When I tried to install the Object Detection API (last step), I can installed it successfully, but I cannot use GPU anymore (print-out show as case 1 I write above).

"Install the Object Detection API" step tell me to install packages from command below

python -m pip install .

setup.py file

"""Setup script for object_detection with TF2.0."""
import os
from setuptools import find_packages
from setuptools import setup

# Note: adding apache-beam to required packages causes conflict with
# tf-models-offical requirements. These packages request for incompatible
# oauth2client package.
REQUIRED_PACKAGES = [
    # Required for apache-beam with PY3
    'avro-python3',
    'apache-beam',
    'pillow',
    'lxml',
    'matplotlib',
    'Cython',
    'contextlib2',
    'tf-slim',
    'six',
    'pycocotools',
    'lvis',
    'scipy',
    'pandas',
    'tf-models-official'
]

setup(
    name='object_detection',
    version='0.1',
    install_requires=REQUIRED_PACKAGES,
    include_package_data=True,
    packages=(
        [p for p in find_packages() if p.startswith('object_detection')] +
        find_packages(where=os.path.join('.', 'slim'))),
    package_dir={
        'datasets': os.path.join('slim', 'datasets'),
        'nets': os.path.join('slim', 'nets'),
        'preprocessing': os.path.join('slim', 'preprocessing'),
        'deployment': os.path.join('slim', 'deployment'),
        'scripts': os.path.join('slim', 'scripts'),
    },
    description='Tensorflow Object Detection Library',
    python_requires='>3.6',
)

I notice that version of tensorflow was changed (from 2.2.0 to 2.4.0) after I installed the Object Detection API. Plus, my newly created conda env which installed tensorflow 2.2.0 could use GPU normally.
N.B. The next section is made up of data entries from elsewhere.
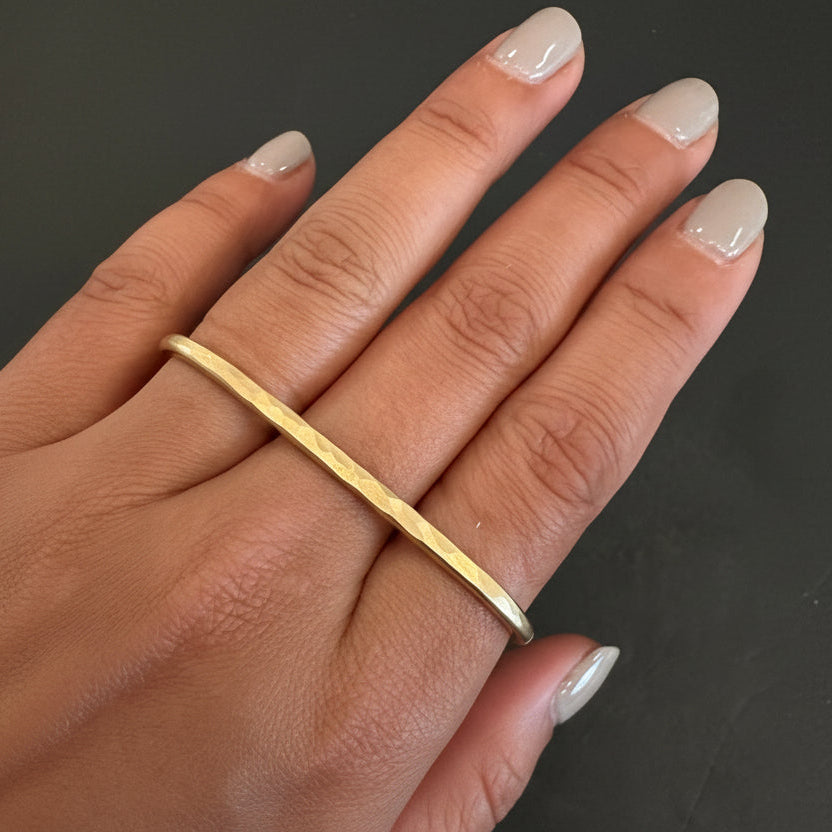 Valentina ring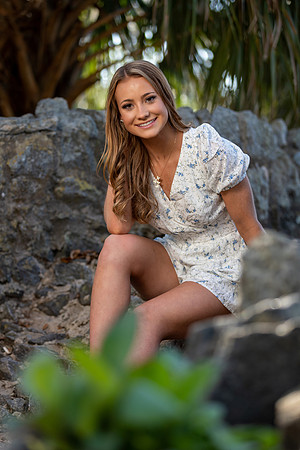 IMG_5509_pp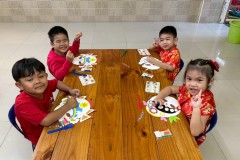 กิจกรรมชุมนุมจีนบ้านลูกรัก-อนุบาล-2569-115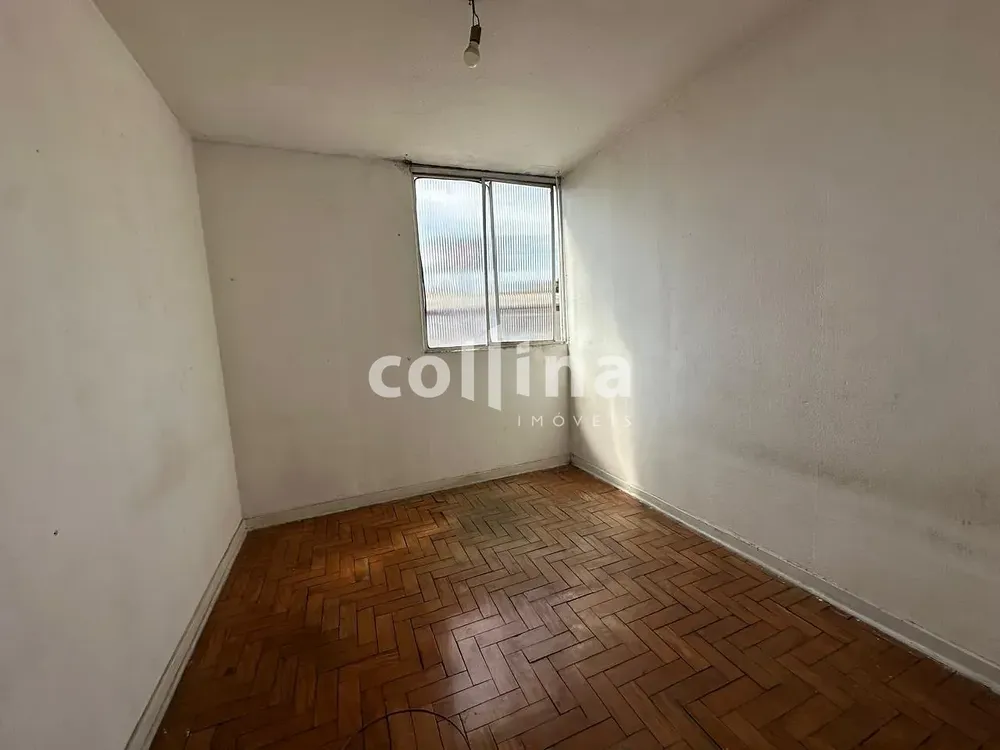 Apartamento, 2 quartos, 44 m² - Foto 3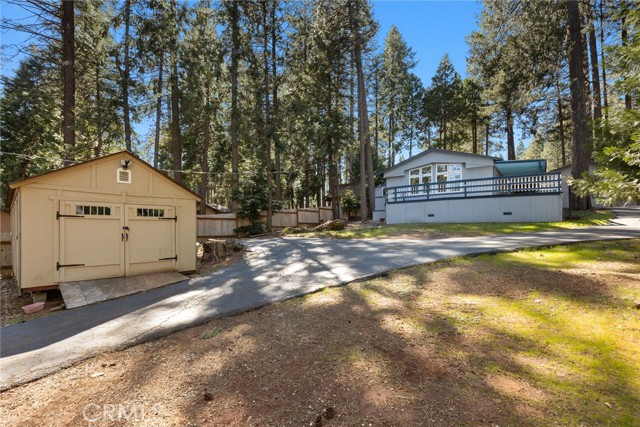 MLS #SN25066036 image #29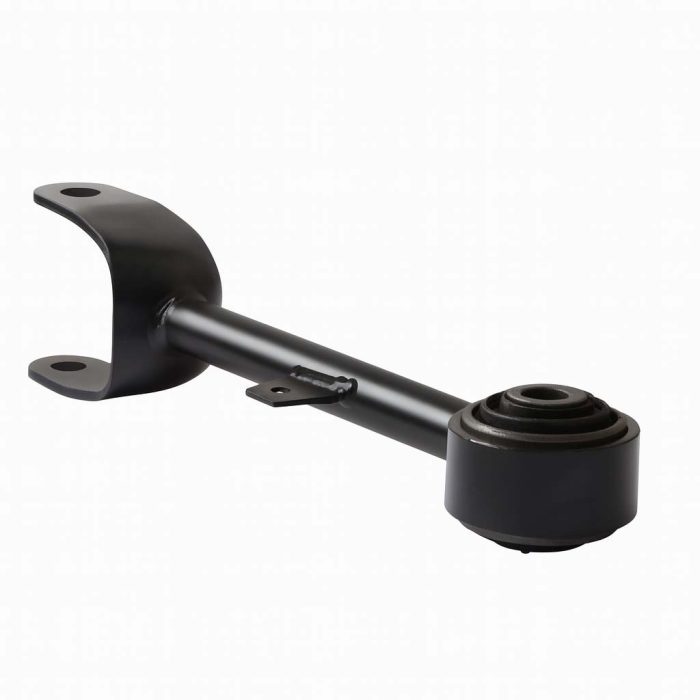 5e832c00-a68d-4767-b34a-e0a6e15f129f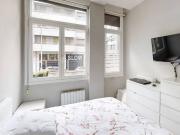 Venta de piso en Eibar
Does the version of tensorflow make me cannot use GPU? If so, how do I install packages without changing the version of the other packages.


Solution

  • Tensorflow 2.2 uses CUDA 10.1 but after running the object-detection api your tensorflow is getting updated to 2.4, at which point GPU no longer is used to run the default test program.

    This is because, Tensorflow 2.4.0 uses CUDA 11.0. If you simply update cuda to the right version, you will have this working.